President Barack Obama receiving those invited to the opening of the summit (here in conversation with the High Commissioner of the European Commnunity, Baroness Ashton).

The NATO summit draws together not only the heads of state of its 28 member states but also the delegates of 32 other countries, revealing the global dimensions of the Organization.

Officially, it was to consider three main issues:
 How to exert control over Central Asia?
 How to deal with [impose?] more efficiently [with] the budget restraints imposed by the financial crisis?
 How to deploy an offensive weapon system against Russia and China?

The choice of Chicago for the NATO summit is obvious given President Obama’s political origins and that it is today governed by Mayor Rahm Emanuel, former Obama chief of staff, hawk and Israeli army officer.

A host committee was composed by the Bilderberg Group [1] centered around Madeleine Albright, Chairman of the NDI/NED [2] and John H. Bryan, who sits on the Board of Directors of Goldman Sachs.

Outside the conference hall, there was no lack of opposition groups demonstrating against the NATO Alliance [3]. The unrest challenged the city’s ability to maintain order and tarnished the image of the summit.
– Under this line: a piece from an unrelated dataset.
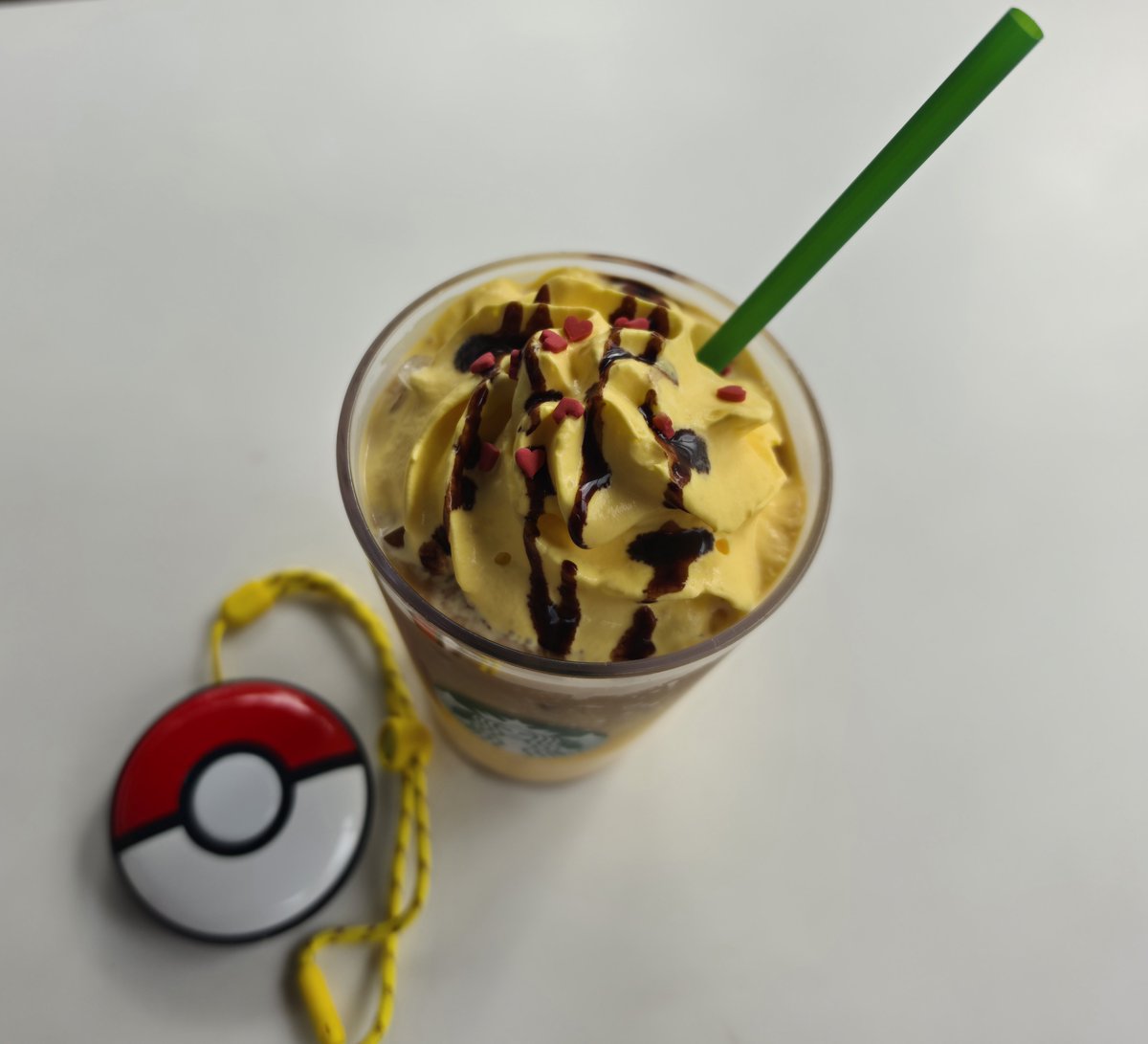 Swaps4's tweet photo. Pikachu honey cream latte! ⚡️ https://t.co/x16CR7yVd3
Notwithstanding, NATO used the disturbance to keep the press occupied; while the journalists were focused on police excesses going on outside the conference [4], the heads of state could discuss their arrangements in secret.

The Summit of the CSTO, the Collective Security Treaty Organization, meeting on May 15, 2012. It may be less grandiose than NATO but it is capable of mounting resistance to it.

Controlling Central Asia

The allied intervention in Afghanistan was planned by the Anglo-Saxons even before the September 11th attacks although these were used to justify it and bring its Allies on board. [5] It was tailored to respond to the specific interests of the Coalition—as a pincer maneuver against Iran once Iraq was invaded; as a way of limiting the Russian zone of influence in the Muslim states formerly in the U.S.S.R.; as a means of opening a pathway for the exploitation of Caspian petroleum; as a way of controlling the world market of drugs derived from poppies; and lastly, to obtain access to huge reserves of precious minerals.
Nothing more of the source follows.